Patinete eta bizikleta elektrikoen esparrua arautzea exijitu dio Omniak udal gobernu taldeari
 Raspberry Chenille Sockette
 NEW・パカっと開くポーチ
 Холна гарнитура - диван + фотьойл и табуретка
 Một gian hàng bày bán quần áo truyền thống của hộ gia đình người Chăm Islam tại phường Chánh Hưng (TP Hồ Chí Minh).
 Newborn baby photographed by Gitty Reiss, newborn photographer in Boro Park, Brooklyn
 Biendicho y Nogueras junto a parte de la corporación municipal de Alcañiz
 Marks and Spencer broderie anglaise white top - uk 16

☆ ☆ ☆ ☆ ☆

### WHAT THE EXERCISE ASKS
Retype the lines beginning at the one containing "Холна гарнитура - диван" and ending at the final line of the material, both included.

### TASK SOLUTION
 Холна гарнитура - диван + фотьойл и табуретка
 Một gian hàng bày bán quần áo truyền thống của hộ gia đình người Chăm Islam tại phường Chánh Hưng (TP Hồ Chí Minh).
 Newborn baby photographed by Gitty Reiss, newborn photographer in Boro Park, Brooklyn
 Biendicho y Nogueras junto a parte de la corporación municipal de Alcañiz
 Marks and Spencer broderie anglaise white top - uk 16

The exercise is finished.